I know how difficult it was to extract the compromise from the Council which exempts children under the age of 12 from the obligation to provide fingerprints. However, we all know that this will only apply provided that there are no comprehensive studies in place which prove that children’s fingerprints are reliable. The political discussion about whether babies’ and small children’s fingerprints are really needed is not yet over.

The regulations on outsourcing also cause me some concern. Strict, standardised regulations are certainly needed, as some Member States are already using external service providers. It is understandable that in many strictly limited cases it can be useful to transfer the processing of visa applications to external service providers. However, this must not be done at the expense of the applicants and of data security. I do not believe that the compromise agreed with the Council in this respect is adequate.

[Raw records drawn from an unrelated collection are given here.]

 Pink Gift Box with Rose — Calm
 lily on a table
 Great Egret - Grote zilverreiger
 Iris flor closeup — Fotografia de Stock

Both the Legal Service of the Parliament and the European Data Protection Supervisor have indicated the risks involved in outsourcing, when the external service provider is not in an area under diplomatic protection. Unfortunately, the Council has ignored these concerns.

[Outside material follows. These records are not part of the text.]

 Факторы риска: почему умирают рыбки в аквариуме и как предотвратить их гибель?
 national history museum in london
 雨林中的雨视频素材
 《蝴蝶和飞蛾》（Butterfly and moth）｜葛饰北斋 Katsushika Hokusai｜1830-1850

A further problem is the service charge involved in outsourcing. I believe it is wrong to pass this charge on to the applicants. The visa fee of EUR 60 is already too high and very difficult for people from third countries to afford. If a charge of up to EUR 30 is added, this does not correspond with my idea of an open and hospitable Europe. Undoubtedly it can make things easier in the case of very large countries not to have to travel halfway across the country to a consulate to apply for a visa, but instead to be able to submit the application to an external service provider. However, in my opinion, the higher charges would immediately cancel out this benefit.

I would like to thank everyone for their work on this dossier over recent years.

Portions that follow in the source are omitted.